__Input data__:

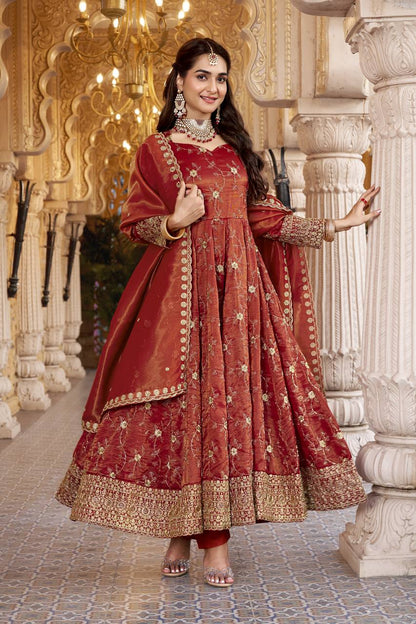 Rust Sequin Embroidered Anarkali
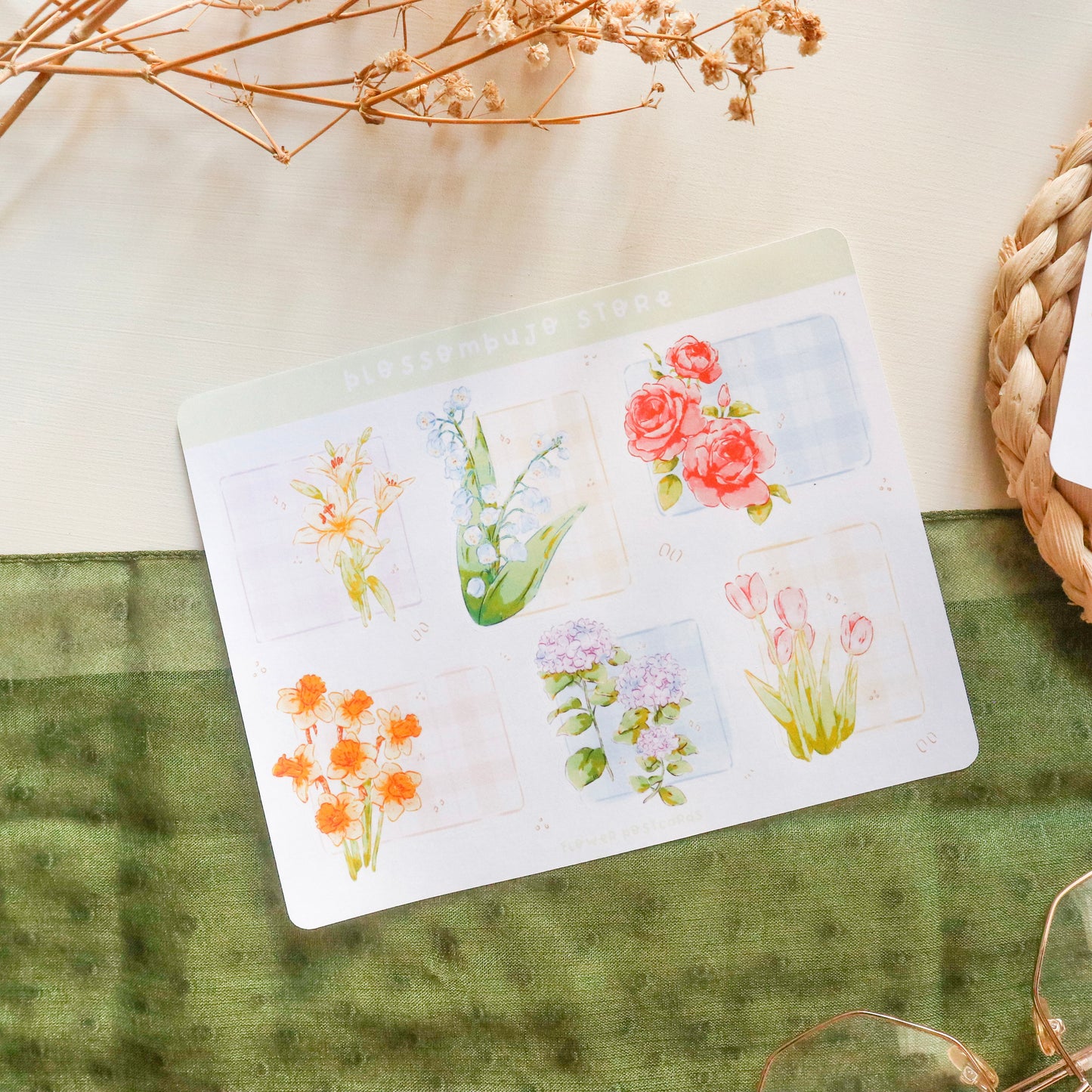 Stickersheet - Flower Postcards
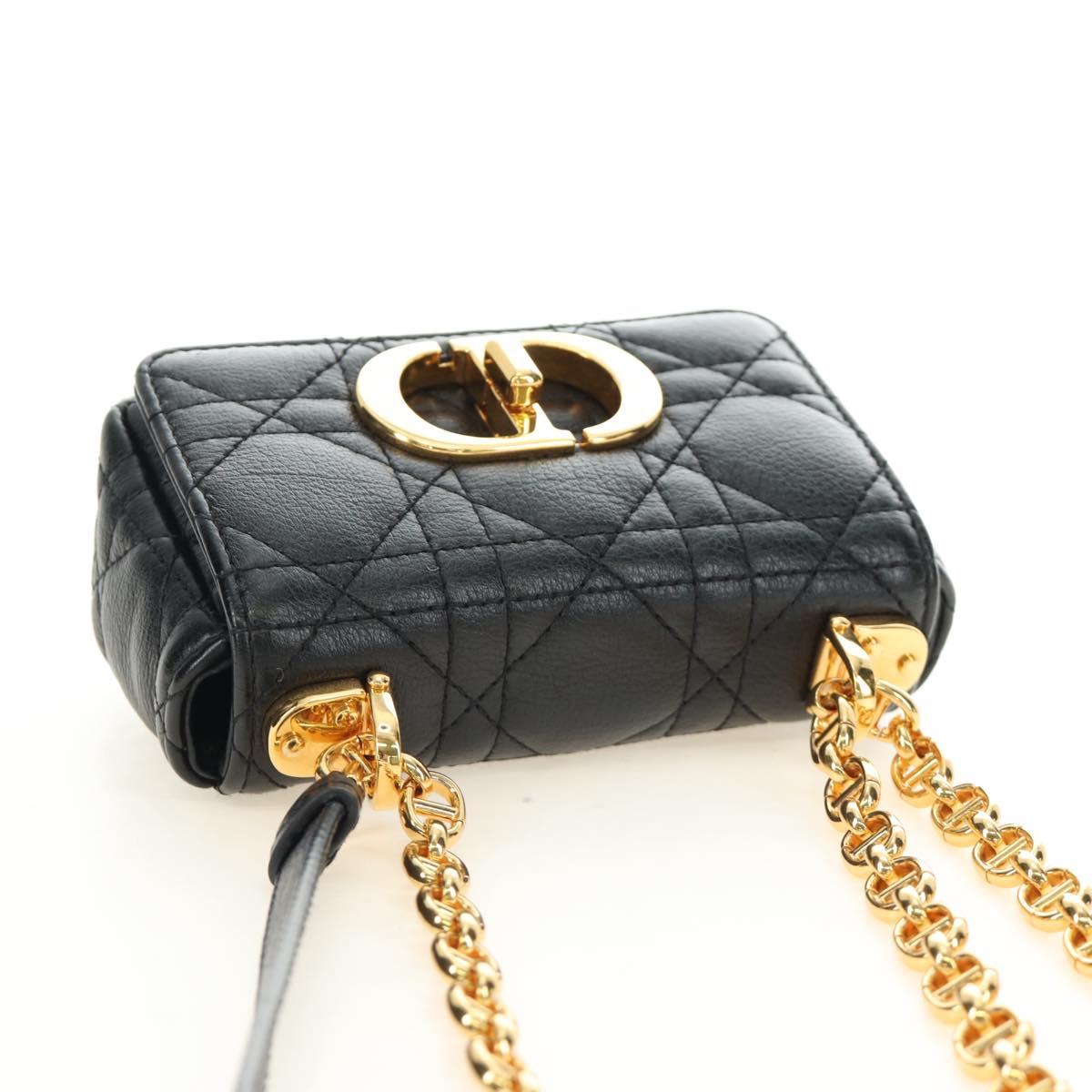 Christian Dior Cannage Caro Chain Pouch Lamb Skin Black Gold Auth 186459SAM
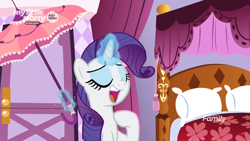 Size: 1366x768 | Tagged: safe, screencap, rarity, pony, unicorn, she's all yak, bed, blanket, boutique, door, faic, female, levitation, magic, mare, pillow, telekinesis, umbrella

__What is required__: Every line of the data is to be transcribed exactly, and no picture is to be included.

__Reply__:
 Rust Sequin Embroidered Anarkali
 Stickersheet - Flower Postcards
 Christian Dior Cannage Caro Chain Pouch Lamb Skin Black Gold Auth 186459SAM
 Size: 1366x768 | Tagged: safe, screencap, rarity, pony, unicorn, she's all yak, bed, blanket, boutique, door, faic, female, levitation, magic, mare, pillow, telekinesis, umbrella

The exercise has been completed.